Warren Spector has intimated that he's a little bit scared of the next generation of consoles, if only because production costs may well prove astronomical.
Citing Nintendo, and the Wii in particular, as an example of design in games prevailing over big budget graphics, Spector said he was "a little worried" that "once we can do Pixar-quality graphics rendered in real time with interactivity", development costs may shoot over the $200 million mark, with a greater emphasis on landslide sales to earn that money back, something that only a small handful of studios will be able to achieve.
"Honestly? I don’t care much about hardware,” said Spector, talking to Digital Spy. “Nintendo games are some of the best games in the world and from a more graphical standpoint, the Wii can’t do what a PS3 or 360 can do. It’s about design and not so much about tech for me. Honestly, I’m more scared about what will come next than I am excited.
“Once we can do Pixar-quality graphics rendered in real time with interactivity, I could see games costing $200 million to make and all of a sudden you have to sell a lot of games just to break even, so I’m a little worried someone’s going to do that."

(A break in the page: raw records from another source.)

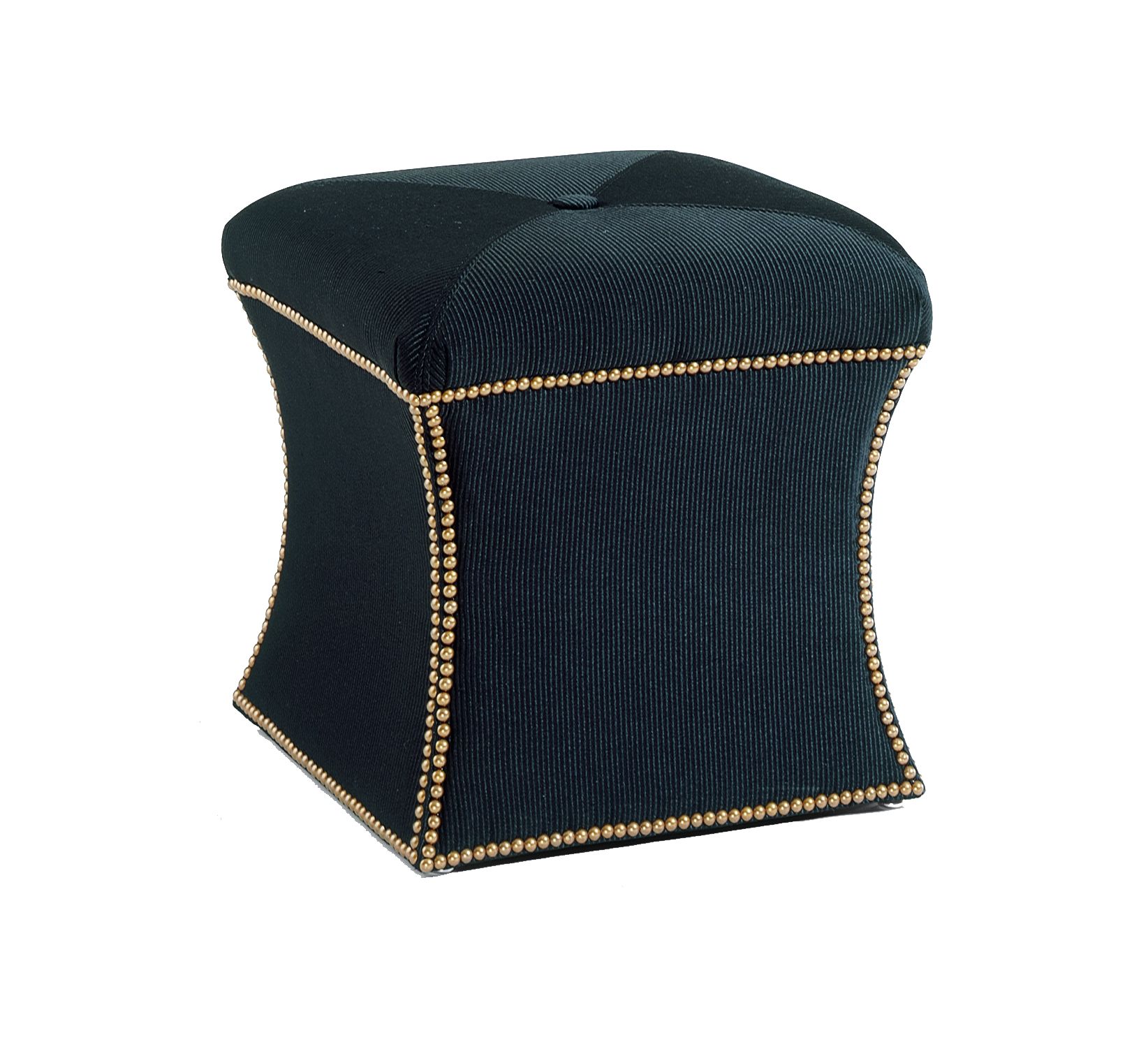  Hourglass Ottoman (Fabric) 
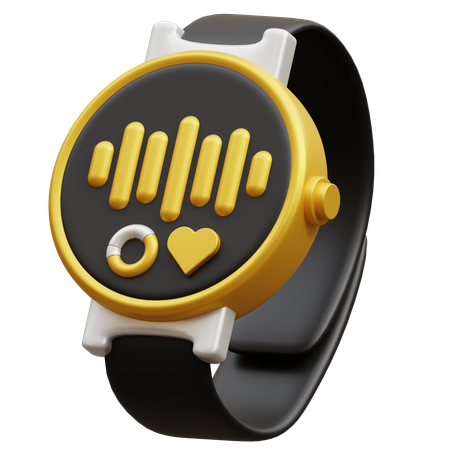 Smart Watch  3D Icon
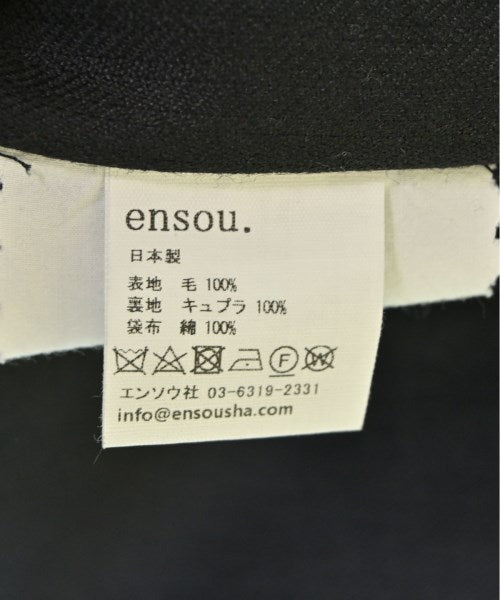 ensou แจ็คเก็ตลำลอง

Then again, although worried about the steep resource requirements that might be ushered in with the next generation of hardware, Spector reckons he'll just keep on truckin'.

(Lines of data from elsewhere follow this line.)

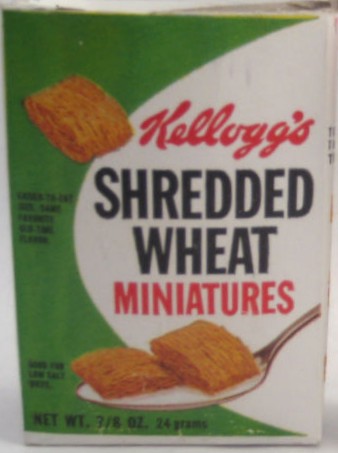 Shredded Wheat Miniatures Single Serve Box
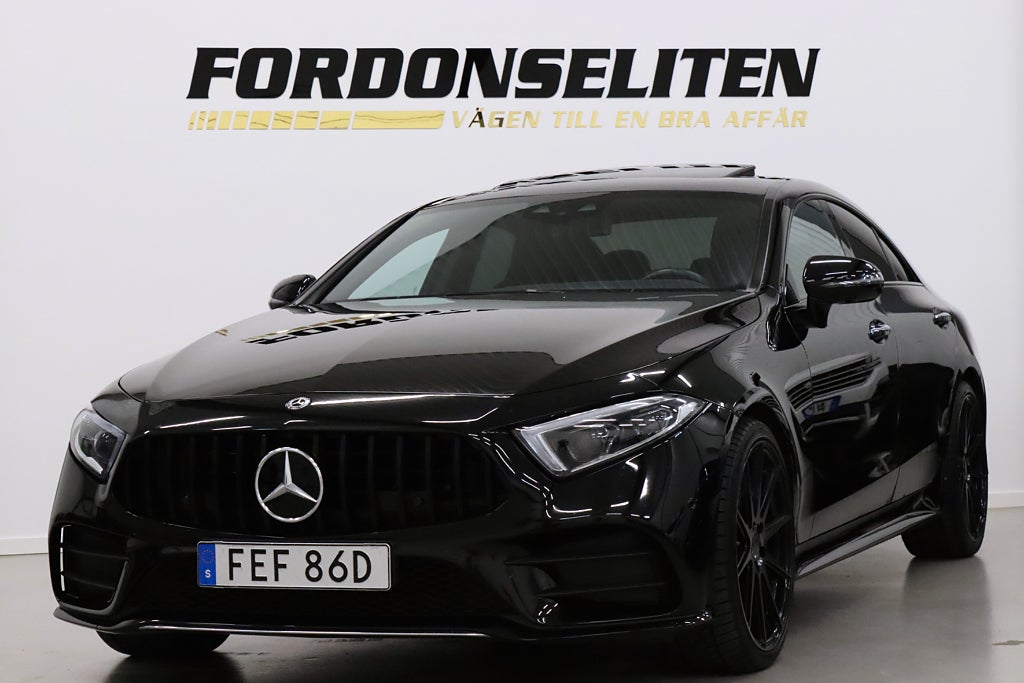 Mercedes-Benz CLS 450 4M AMG Taklucka Cockpit Burmester 360° 367hk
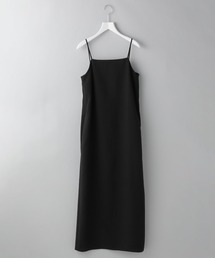 【e/rm】テクスチャーキャミワンピース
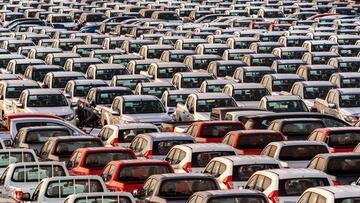Los autos que vende México en un año, China los registra 14 días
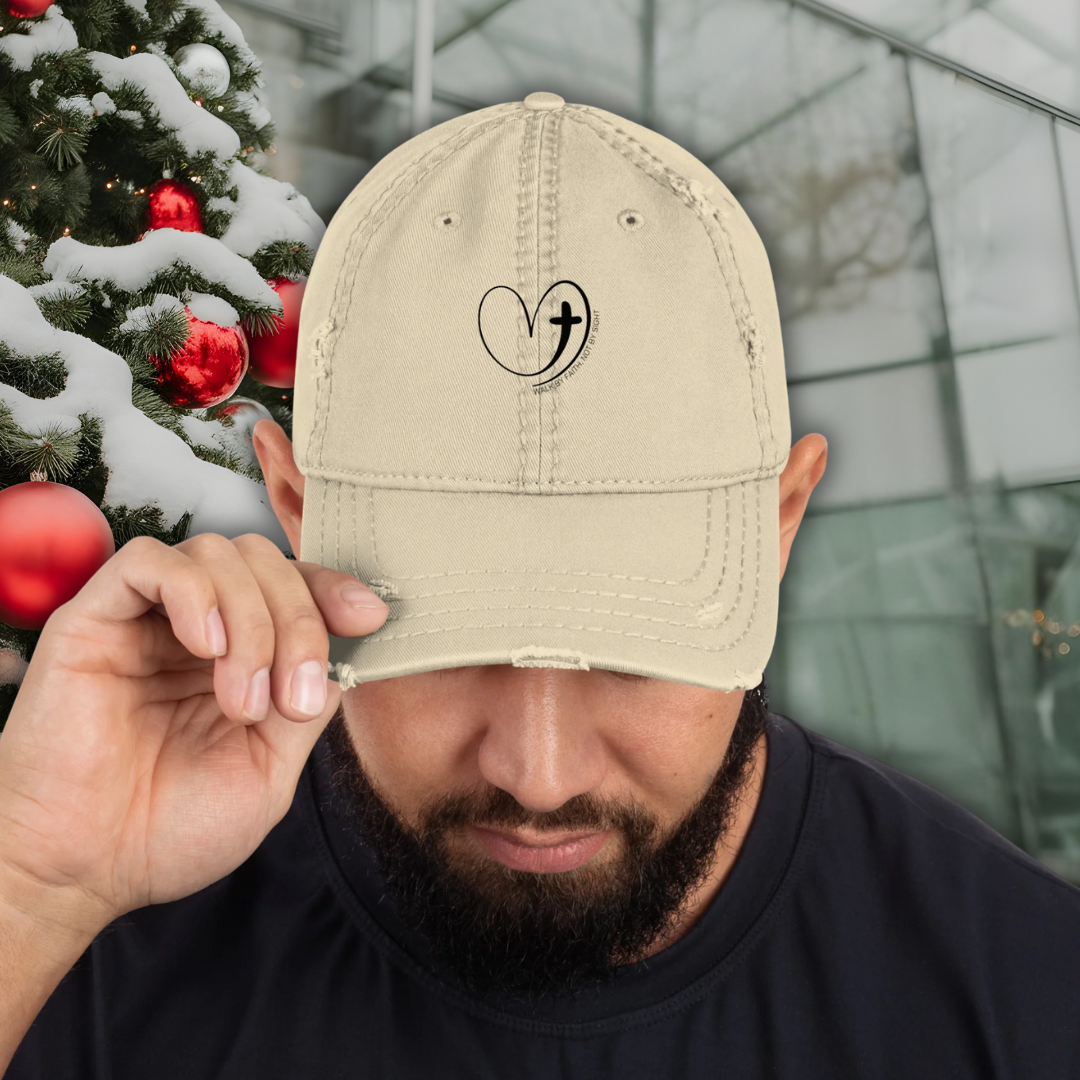 Walk By Faith Biblical Cap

“Someone’s going to spend… well, there are already people spending $100 million on games, that’s not even insane anymore. $200, 300 million games, I’m a little scared about that, there aren’t a lot of companies that have the resources or the courage to spend that much. So my gut’s in a bit of a knot about that but whatever comes along I’ll just make games that work on that platform, I don’t think about hardware too much.”
Spector's Epic Mickey 2 is out this autumn for PC, PS3, Wii, and Xbox 360, with a 3DS spin-off, subtitled Power of Illusion in the pipeline too.